右側にある 2 つのマテリアル インスタンスの親マテリアルです。この親マテリアルには 4 つのテクスチャが使用されていることがわかります。

2

親マテリアルとして使用すべきマテリアルがマテリアル インスタンスで設定される場所です。ここで使用されているマテリアルを変更すると、マテリアル インスタンスの動作の仕方を変えることができます。

3

ここで使用するテクスチャを変更することで、マテリアル インスタンスの外観を完全に変えることができます。
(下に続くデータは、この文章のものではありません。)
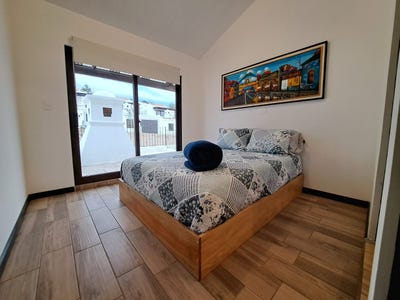 /international/gt/san-pedro-las-huertas-antigua-guatemala-san-pedro-las-huertas-sacatepequez-san-pedro-las-huertas-sacatepequez-department-310108926740/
マテリアル インスタンスが左側の親マテリアルから機能を継承したため、4 つのテクスチャ入力があるのがわかります。

マテリアル パラメータ

マテリアル インスタンスの様々なパラメータを変更できるようにするために、マテリアル グラフで パラメータ ノード と呼ばれる様々なタイプのノードを使用する必要があります。 パラメータ ノード は通常のマテリアル式ノードのような外観であり、機能も同様です。主な違いはパラメータ ノードはマテリアル インスタンスにどのように機能するかを指示するために使われるという点です。 マテリアル パラメータを使用することは、マテリアルをマテリアル インスタンスと相互作用させる唯一の方法です。

パラメータ ノードを マテリアル グラフ に追加する方法は 2 通りあります。

マテリアル パレットからパラメータ ノードを追加する

Material Palette で「 Parameter 」という語を使って検索すると、利用可能なすべての Parameter ノードが見つかります。これらのたノードをパレットからドラッグして、マテリアル グラフにドロップできます。

Materails_Instances_Search_For_Pram_Nodes.png

ノードを変換する

マテリアル グラフ 内でノード上を 右クリック して、 [Convert To Parameter (パラメータへ変換)] オプションを以下のように選択します。

すべてのマテリアル ノードに対してこれを行えるわけではないことに注意してください。ノード上で右クリックしても [Convert To Parameter (パラメータへ変換)] オプションが見つからなければ、そのノードはパラメータ ノードに変換できません。

マテリアル インスタンスの作成

以下のセクションでは、上記で説明した方法を使用して独自のマテリアル インスタンスを作成します。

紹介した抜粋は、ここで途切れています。